Je parcours un sentier de graviers et, n’ayant pas la moindre idée où je vais, je sais juste que les lieux sont propices au brame.

L'oreille attentive, j'emprunte un coupe feu dans une zone pourvue de miradors. Je scrute le sol et j'aperçois des traces de gibier : du cervidé plus précisément.

 

Toujours l'oreille tendue, je continue sur ces traces. A ma droite, une jolie panoplie d'amanites ;  j'en profite pour prendre quelques clichés. Le gel n'ayant pas encore montré le bout de son nez, les champignons continuent leur prolifération. Je poursuis en montée - l'accès est pentu – et bottes embouées, je me bats pour en sortir.

J'arrive à une clairière. J'y perçois un son en la traversant, qui ressemble à un brame, mais je reste perplexe à l'idée que cela pourrait être un beugle au loin (un cri de la vache qui y ressemble fortement). Je reste sur mes gardes et j'avance au travers de la tourbe et des hautes herbes brunes claires. Entre bosses et fosses, je me fraie un chemin truffé de pièges. Je parviens à me poser sur un vieux tronc sec et défraichi. Une élévation judicieuse. Un point de vue imprenable.

En face de moi, une paire de bois de cerf se démarque du décor. Je pointe mon appareil photo dans sa direction. La bête est un peu loin mais l'opportunité de faire une belle image dans son élément me fait déclencher.

 

 

Un brame retentit qui ne provient pas du cerf que je fige ; il vient de droite ; les buissons s'affolent. Un combat a lieu!

Je ne les vois pas mais reste tout de même posté sur mon tronc. En cette période de frénésie sexuelle, les cervidés peuvent montrer une certaine agressivité dans leur comportement vis-à-vis de l'homme.

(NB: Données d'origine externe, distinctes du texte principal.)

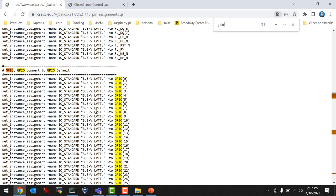LVTTL stands for Low Voltage Transistor-Transistor Logic — that's the name for 3.3 volt signal logic. We're actually using CMOS, but that's the anachronistic name given to a 3.3 volt signal because when they first started using 3.3 volts, it was transistor-transistor logic.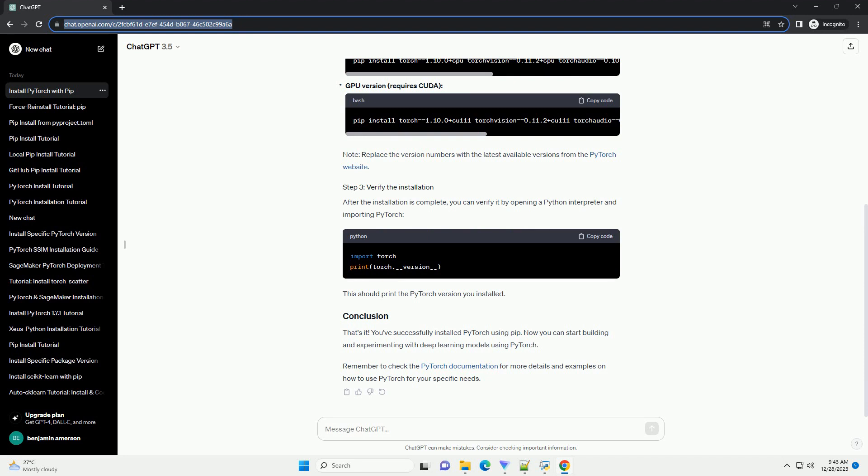CPU-only version, GPU version requires CUDA. Note, replace the version numbers with the latest available versions from the PyTorch website.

L'un d'eux sort des buissons au galop ; j'attends la pose pour photographier. C'est un magnifique 18 cors, assez rare dans la région. Je jubile.

Il est là, pas loin. Il est énorme. Je savoure la rencontre. Je sais que je fais face à une bête exceptionnelle. Quelques minutes plus tard, il continuera son chemin pour disparaître dans les épicéas en face.

Je reste encore quelques instants pour me remettre de ce tête à tête et prends tout doucement le chemin du retour, l'esprit et l'appareil comblés.

Deux jours plus tard, je montre les photos de ce 18 cors à Franck Renard, qui est garde forestier de la région de Spa et photographe naturaliste renommé (http://www.franckrenard.com).

Son œil expert m'apprend qu'il s’agit de Robert, un cerf classé rouge et protégé par la ligue de la chasse de Belgique. Il m'annonce qu'il a été tiré le lendemain de mes photos, certainement un chasseur qui n'a pas pris assez de temps pour observer sa cible avant le tir. Je n'ai rien contre les chasseurs, mais je n'ai rien pour.

 

 

Sur ces derniers clichés de Robert, - "en sa mémoire" - je vous souhaite de bonnes balades et de jolies rencontres.